Tech giant Amazon and utility company Dominion Energy formed a deal to look at ways to develop nuclear energy on a small scale in Virginia to meet the rising energy needs of data centers that power artificial intelligence.
The Wednesday announcement outlines the pair’s intent to develop and finance small modular reactors that can generate around-the-clock, carbon-free power with a smaller footprint and lower upfront capital costs. Nuclear energy has served as a potential answer for tech giants with expanding power needs to produce electricity while meeting pledges to reduce their use of carbon emissions that can harm the environment.
Given growing power demand in places like Northern Virginia — the world’s largest data center market — companies like Amazon have looked to take advantage of alternative power sources. Power demand in Virginia is growing by more than 5% annually and is expected to double in the next 15 years, according to a release from Dominion.

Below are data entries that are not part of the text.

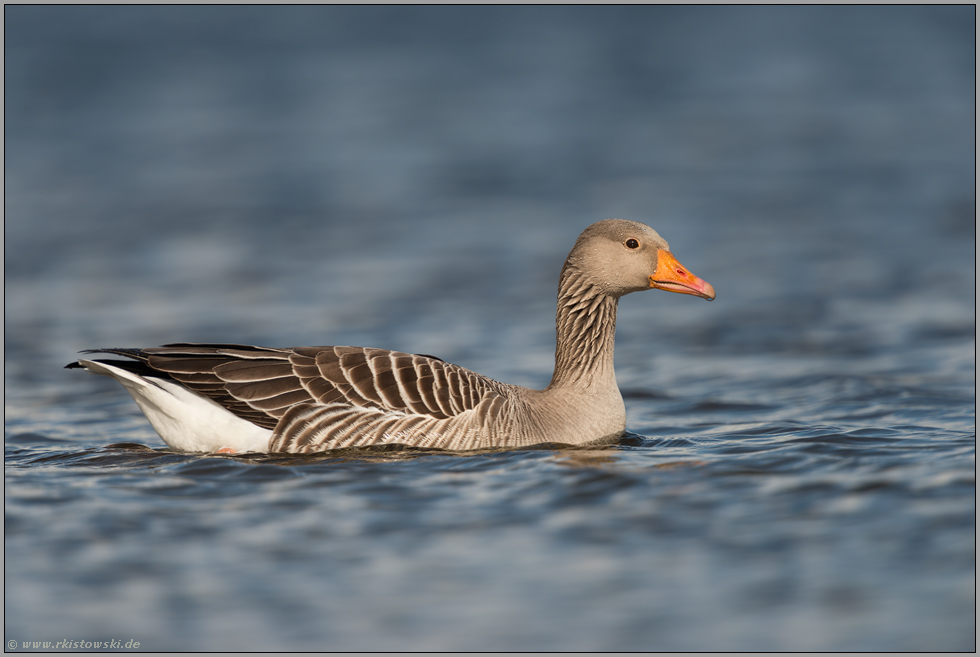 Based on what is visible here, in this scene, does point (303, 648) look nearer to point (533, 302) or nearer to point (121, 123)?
point (533, 302)

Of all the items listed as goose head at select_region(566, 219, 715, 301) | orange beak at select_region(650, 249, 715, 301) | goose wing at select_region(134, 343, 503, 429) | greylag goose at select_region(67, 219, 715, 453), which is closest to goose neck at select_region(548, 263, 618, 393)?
goose head at select_region(566, 219, 715, 301)

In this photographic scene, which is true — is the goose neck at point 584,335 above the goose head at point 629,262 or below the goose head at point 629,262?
below

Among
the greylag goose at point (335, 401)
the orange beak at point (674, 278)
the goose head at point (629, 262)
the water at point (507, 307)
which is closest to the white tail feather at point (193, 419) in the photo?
the greylag goose at point (335, 401)

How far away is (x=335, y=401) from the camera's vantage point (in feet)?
31.1

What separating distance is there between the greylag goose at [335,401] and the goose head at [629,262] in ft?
0.06

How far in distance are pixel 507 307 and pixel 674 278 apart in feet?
20.6

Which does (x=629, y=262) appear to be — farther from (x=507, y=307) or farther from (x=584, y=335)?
(x=507, y=307)

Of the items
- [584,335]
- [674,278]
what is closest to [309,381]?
[584,335]

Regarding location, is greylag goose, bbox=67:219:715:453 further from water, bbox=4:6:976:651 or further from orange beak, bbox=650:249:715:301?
water, bbox=4:6:976:651

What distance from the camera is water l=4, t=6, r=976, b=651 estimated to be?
6637 millimetres

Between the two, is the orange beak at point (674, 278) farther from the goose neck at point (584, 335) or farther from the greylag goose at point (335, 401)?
the goose neck at point (584, 335)

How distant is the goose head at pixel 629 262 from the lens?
10156mm

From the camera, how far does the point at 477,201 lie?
2177 cm

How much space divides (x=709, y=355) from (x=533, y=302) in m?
3.42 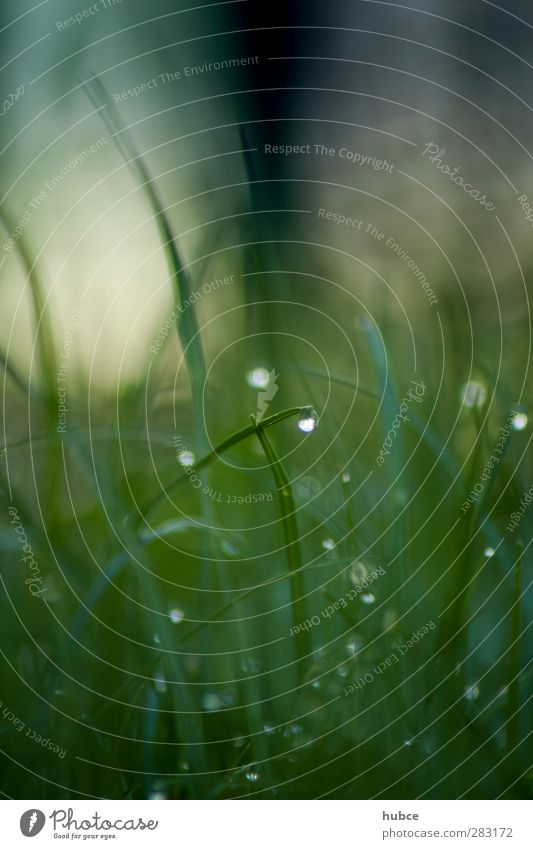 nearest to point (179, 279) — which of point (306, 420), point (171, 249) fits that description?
point (171, 249)

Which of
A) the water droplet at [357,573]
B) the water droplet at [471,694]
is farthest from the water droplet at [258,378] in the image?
the water droplet at [471,694]

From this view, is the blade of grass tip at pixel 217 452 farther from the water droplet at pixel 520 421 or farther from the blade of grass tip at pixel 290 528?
the water droplet at pixel 520 421

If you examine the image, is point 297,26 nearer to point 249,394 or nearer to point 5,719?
point 249,394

"Bringing new sources of carbon-free energy to the grid is an important part of Amazon's commitment to serve our customers and achieve net-zero carbon across our operations by 2040," Kevin Miller, Amazon's vice president of global data centers, said in the release.
Amazon opened the first phase of its East Coast corporate headquarters in Northern Virginia in 2023.

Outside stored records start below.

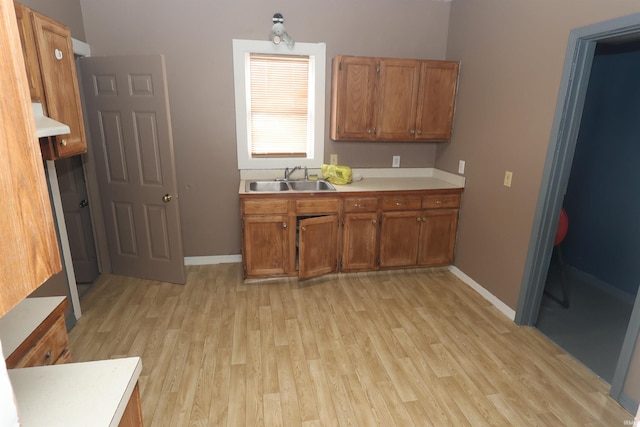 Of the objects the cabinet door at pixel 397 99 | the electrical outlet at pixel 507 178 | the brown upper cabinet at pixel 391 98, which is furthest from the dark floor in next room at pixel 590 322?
the cabinet door at pixel 397 99

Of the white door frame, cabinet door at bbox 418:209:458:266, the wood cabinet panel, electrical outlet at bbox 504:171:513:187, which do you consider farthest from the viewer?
cabinet door at bbox 418:209:458:266

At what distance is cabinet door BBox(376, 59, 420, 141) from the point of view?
3.35 meters

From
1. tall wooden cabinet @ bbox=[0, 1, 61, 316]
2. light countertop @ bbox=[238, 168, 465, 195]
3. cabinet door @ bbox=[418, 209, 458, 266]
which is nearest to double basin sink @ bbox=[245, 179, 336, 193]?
light countertop @ bbox=[238, 168, 465, 195]

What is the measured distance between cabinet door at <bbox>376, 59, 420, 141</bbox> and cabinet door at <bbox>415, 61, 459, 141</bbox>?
2.8 inches

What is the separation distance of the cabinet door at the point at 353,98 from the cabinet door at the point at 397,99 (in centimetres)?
9

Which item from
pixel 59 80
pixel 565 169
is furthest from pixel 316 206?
pixel 59 80

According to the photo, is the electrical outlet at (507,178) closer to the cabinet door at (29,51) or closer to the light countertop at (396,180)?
the light countertop at (396,180)

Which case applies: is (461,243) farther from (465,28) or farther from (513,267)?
(465,28)

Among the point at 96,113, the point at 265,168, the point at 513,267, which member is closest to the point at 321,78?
the point at 265,168

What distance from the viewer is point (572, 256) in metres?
3.77

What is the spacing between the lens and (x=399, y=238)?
3.49 m

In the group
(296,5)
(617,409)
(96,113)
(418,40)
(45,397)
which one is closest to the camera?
(45,397)

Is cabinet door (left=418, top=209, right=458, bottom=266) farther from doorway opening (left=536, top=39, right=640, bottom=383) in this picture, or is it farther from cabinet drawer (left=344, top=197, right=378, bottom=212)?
doorway opening (left=536, top=39, right=640, bottom=383)

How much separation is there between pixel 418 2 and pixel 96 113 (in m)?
3.19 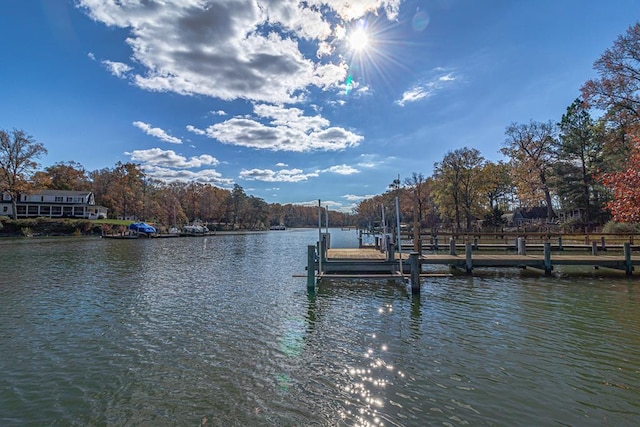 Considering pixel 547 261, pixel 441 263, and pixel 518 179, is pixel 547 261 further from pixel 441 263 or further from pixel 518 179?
pixel 518 179

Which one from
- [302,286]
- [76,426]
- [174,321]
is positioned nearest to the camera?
[76,426]

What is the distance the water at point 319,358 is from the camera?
5.26m

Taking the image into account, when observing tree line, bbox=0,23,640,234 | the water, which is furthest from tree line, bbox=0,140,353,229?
the water

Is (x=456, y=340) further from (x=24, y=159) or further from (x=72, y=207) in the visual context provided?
(x=72, y=207)

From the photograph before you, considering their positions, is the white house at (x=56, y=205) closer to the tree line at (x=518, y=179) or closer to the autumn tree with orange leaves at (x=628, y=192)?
the tree line at (x=518, y=179)

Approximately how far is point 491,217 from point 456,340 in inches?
2418

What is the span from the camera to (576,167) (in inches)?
1720

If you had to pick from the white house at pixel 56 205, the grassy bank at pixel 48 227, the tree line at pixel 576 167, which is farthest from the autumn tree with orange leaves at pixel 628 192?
the white house at pixel 56 205

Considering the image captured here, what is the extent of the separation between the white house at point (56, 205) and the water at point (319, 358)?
2899 inches

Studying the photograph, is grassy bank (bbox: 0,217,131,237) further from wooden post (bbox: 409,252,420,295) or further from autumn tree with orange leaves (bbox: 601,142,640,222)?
autumn tree with orange leaves (bbox: 601,142,640,222)

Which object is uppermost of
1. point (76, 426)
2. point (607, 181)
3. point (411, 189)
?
point (411, 189)

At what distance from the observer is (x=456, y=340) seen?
27.3 ft

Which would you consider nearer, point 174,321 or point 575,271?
point 174,321

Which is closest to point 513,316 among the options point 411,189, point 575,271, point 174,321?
point 174,321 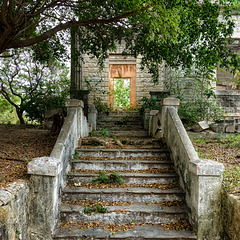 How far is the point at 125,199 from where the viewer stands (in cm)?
396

In July, Dominion Energy announced a request for proposals from nuclear technology companies to evaluate the feasibility of developing a small modular reactor at its North Anna Power Station in Louisa County, Virginia, near Richmond, though it has not yet committed to building anything, the release said.
Amazon also has agreements for nuclear energy projects in Washington state and Pennsylvania. Separately, Amazon announced Wednesday it is leading the $500 million investment into X-energy Reactor Co., a developer of advanced nuclear reactors and fuel technology. The investment will be used to fund the completion of X-energy's reactor design and licensing as well as the first phase of its fuel fabrication facility in Oak Ridge, Tennessee, according to a statement from X-energy.
Amazon and X-energy are also working to bring more than 5 gigawatts of new nuclear energy projects on line across the country by 2039 using small modular reactors.
The power capacity of small modular reactors is about one-third of the generating capacity of traditional nuclear power reactors, according to the International Atomic Energy Agency, but can be factory-assembled and transported to a location for installation.
Rising nuclear demand
The use of nuclear power has faced public opposition since an accident at Three Mile Island in Pennsylvania in 1979 raised concerns about the dangers, as well as the explosion of a nuclear reactor in Chernobyl, Ukraine, in 1986.
However, the U.S. nuclear power industry is undergoing a revival after decades of little activity in the development of new nuclear plants. Nuclear is seen as a potential alternative to fossil fuel-based power generated from oil and coal because nuclear does not produce carbon emissions that contribute to climate change.
Google announced this week it signed an agreement to get electricity from small nuclear reactors built by a California startup, CoStar News previously reported.
Other companies have also jumped on the nuclear bandwagon in recent months.
Microsoft signed an agreement to restart a nuclear reactor on Three Mile Island in Pennsylvania and buy the energy it produces to meet its goal to power its data centers with carbon-free energy, CoStar News previously reported in September.
The agreement between Amazon and Dominion Energy comes the same day the U.S. Department of Energy opened applications for up to $900 million in funding to support the initial domestic deployment of next-generation small modular reactors.
“Revitalizing America’s nuclear sector is key to adding more carbon free energy to the grid and meeting the needs of our growing economy — from AI and data centers to manufacturing and healthcare,” U.S. Secretary of Energy Jennifer M. Granholm said in a release.